Upregulation of proteinase-activated receptor-2 and increased response to trypsin in endothelial cells after exposure to oxidative stress in rat aortas.

Background/aims: The effects of oxidative stress on the vascular responsiveness to the agonists of proteinase-activated receptors (PARs) were investigated.

Methods: Serum-free incubation was utilized to impose oxidative stress to isolated rat aortas. Spontaneously hypertensive rats (SHR) were investigated as a model of in vivo oxidative stress.

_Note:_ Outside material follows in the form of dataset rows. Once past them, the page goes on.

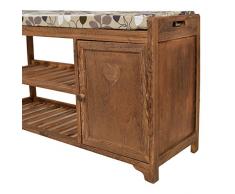 ts-ideen GmbH Panca in Stile Country da Ingresso con Ampio vano Scarpe e Sedile Imbottito. Color Legno Naturale.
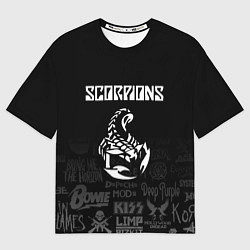 Футболка оверсайз мужская Scorpions логотипы рок групп, цвет: 3D-принт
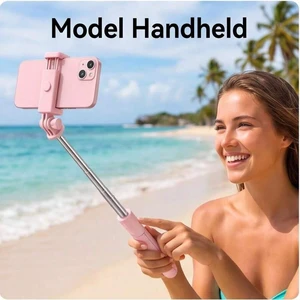 Bks Adjustable Pink Selfie Stick Tripod, 18.5cm Extended Pole, Hands-Free Live Streaming Stand For Vlog Bks Adjustable Pink Selfie Stick Tripod, 18.5cm Extended Pole, Hands-Free Live Streaming Stand For Vlog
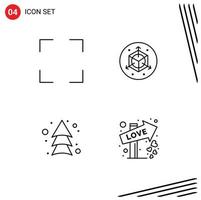 pack d'icônes vectorielles stock de 4 signes et symboles de ligne pour la flèche de direction complète amour éléments de conception vectoriels modifiables vecteur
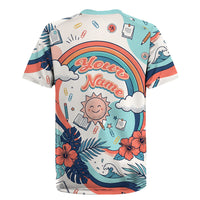 Personalized Hawaii Back To School Rugby Jersey Retro Rainbow Sun with Tropical Hibiscus Flowers TS04 - Polynesian Pride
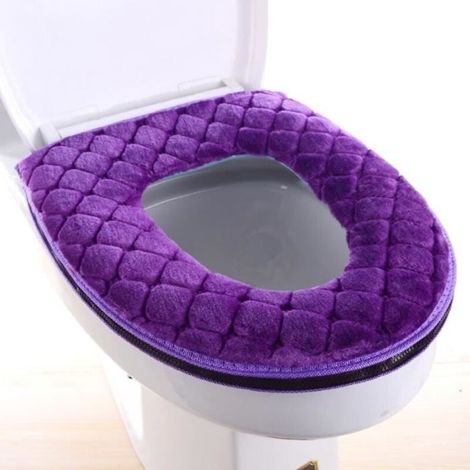 Toilet Seat Cover, Warm Toilet Seat Cover, Floral Pattern, Top Cover, for Bathroom, for Type 2 Purple (1/4)
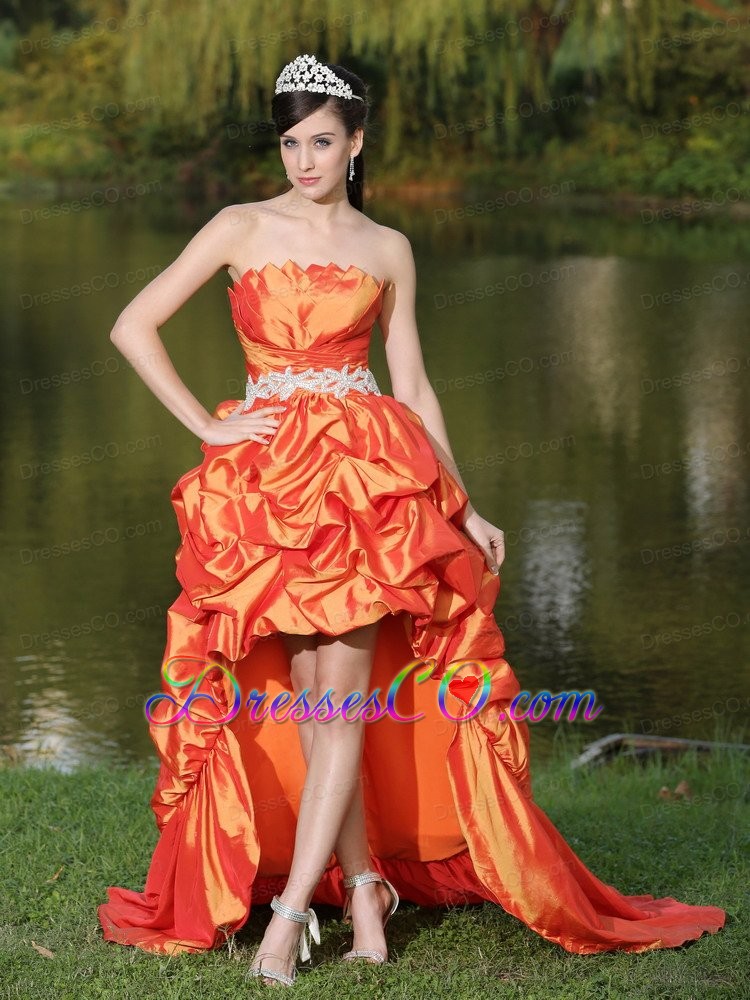 High-Low Orange Red Taffeta Prom Dress Celebrity With Strapless Lace-up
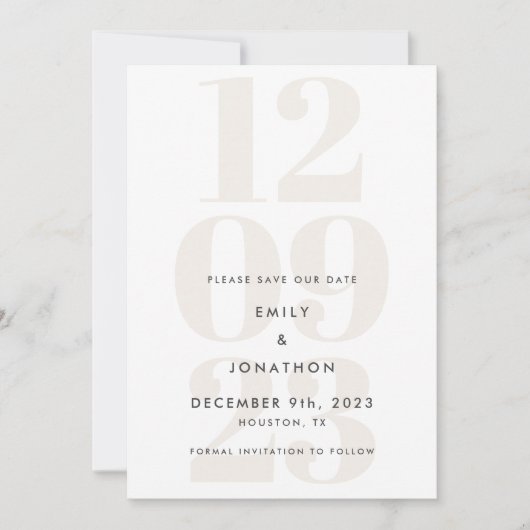 Typografie van de moderne grijze Cream Date Save The Date (Voorkant)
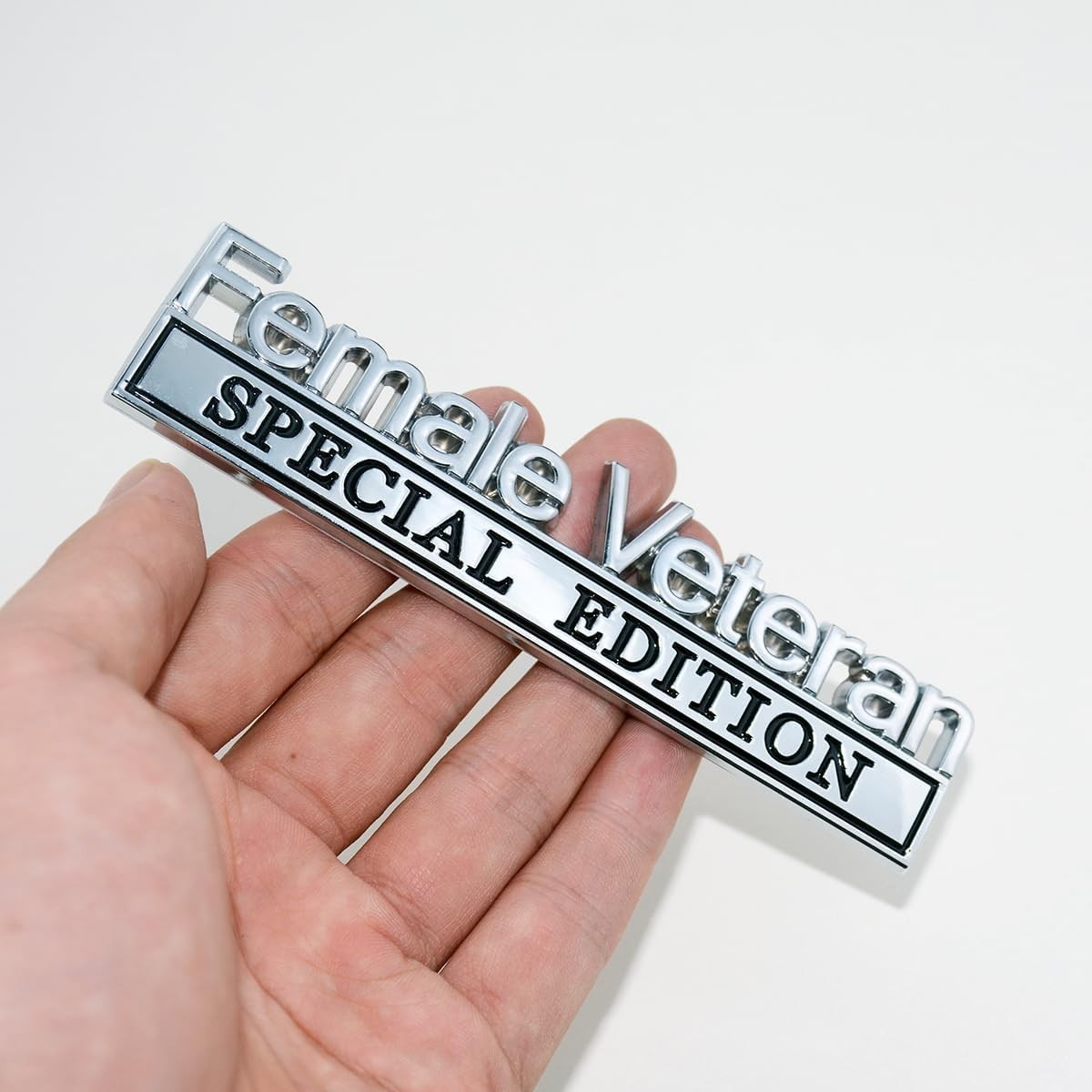2PC STAINLESS STEEL “FEMALE VETERAN SPECIAL EDITION” TAILGATE/FENDER EMBLEMS-NEW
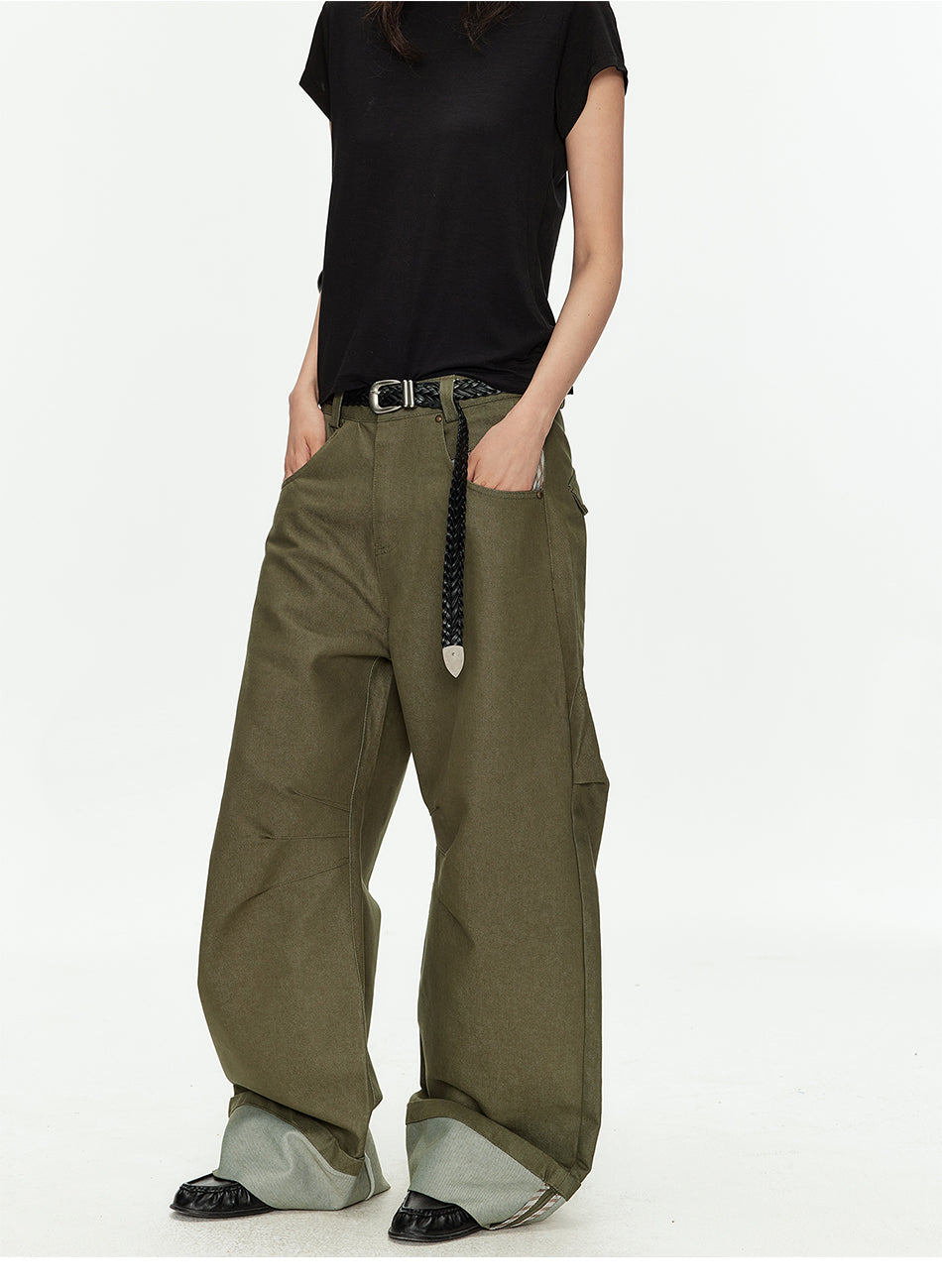 MADWITCH PLAID CARGO BAGGY PANTS #CK61007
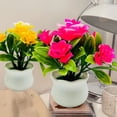 thumbnail image 3 of Pebbuoy Artificial Potted Plants 5 Rose Flower Head Home Office Table Centerpiece Wedding Faux Floral Bonsai Indoor Outdoor Desktop Decoration, 3 of 7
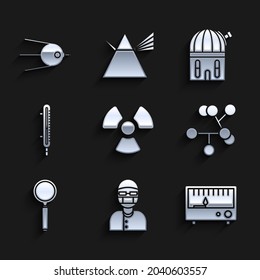 Set Radioactive, Assistant, Electrical measuring instruments, Molecule, Magnifying glass, Meteorology thermometer, Astronomical observatory and Satellite icon. Vector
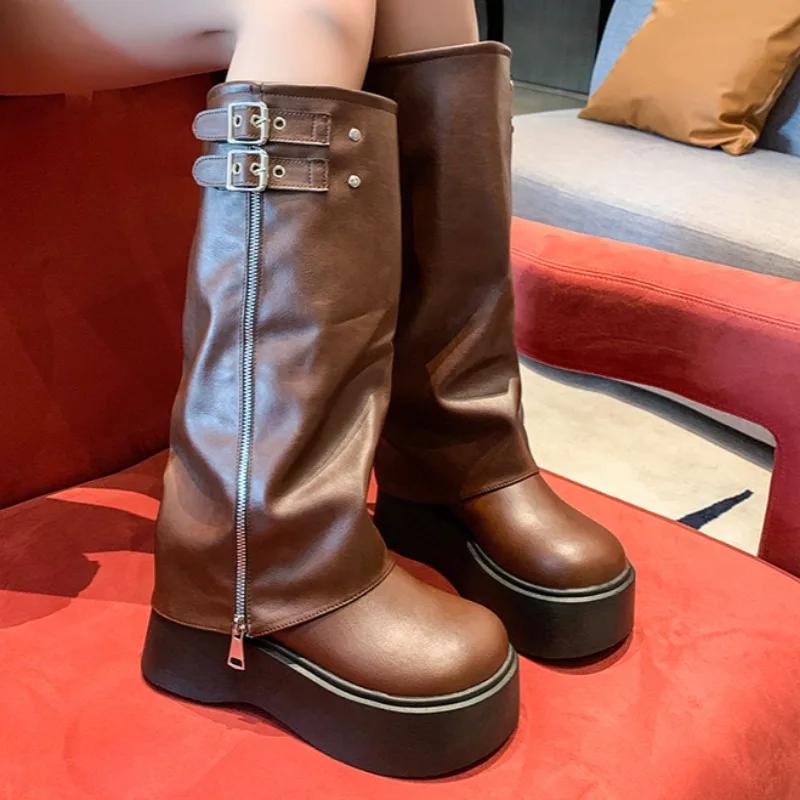 Весна Осень Женские Мотоциклетные Ботинки Британский Стиль На Толстой Подошве 2024 Сценический Подиум Ретро Молния Ремень Пряжка Дизайн Модные Ботинки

Results: Thrombin, trypsin, PAR₁-activating peptide (PAR₁-AP), PAR₂-AP and PAR₄-AP induced little or no effect in the aortas of female Wistar-Kyoto rats (WKY). Serum-free incubation induced endothelium-dependent relaxant responses to PAR₂ agonists, but not PAR₁ or PAR₄ agonists, in a manner sensitive to diphenyleneiodonium or ascorbic acid. In male aortas, trypsin and PAR₂-AP induced a transient endothelium-dependent relaxation without serum-free incubation. The acetylcholine-induced endothelium-dependent relaxation and the sodium nitroprusside-induced endothelium-independent relaxation remained unchanged. Immunoblot analyses revealed the upregulation of PAR₂ in endothelial cells, which was abolished by either diphenyleneiodonium or ascorbic acid. Aortas of female SHR expressed a higher level of PAR₂ than WKY and responded to trypsin without serum-free incubation. Treatment with ascorbic acid attenuated the trypsin-induced relaxation and the PAR₂ expression in SHR.

Conclusion: This study provides the first evidence that oxidative stress upregulates PAR₂ in endothelial cells, thereby enhancing the endothelium-dependent relaxant response to PAR₂ agonists in rat aortas.